### Assignment
The lines that make up this material should each be returned exactly.

### Data below

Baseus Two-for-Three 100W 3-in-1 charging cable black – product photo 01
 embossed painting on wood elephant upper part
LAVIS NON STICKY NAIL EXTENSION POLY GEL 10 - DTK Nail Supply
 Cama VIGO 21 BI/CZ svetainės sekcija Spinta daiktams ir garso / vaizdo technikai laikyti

### Solution to the exercise
Baseus Two-for-Three 100W 3-in-1 charging cable black – product photo 01
 embossed painting on wood elephant upper part
LAVIS NON STICKY NAIL EXTENSION POLY GEL 10 - DTK Nail Supply
 Cama VIGO 21 BI/CZ svetainės sekcija Spinta daiktams ir garso / vaizdo technikai laikyti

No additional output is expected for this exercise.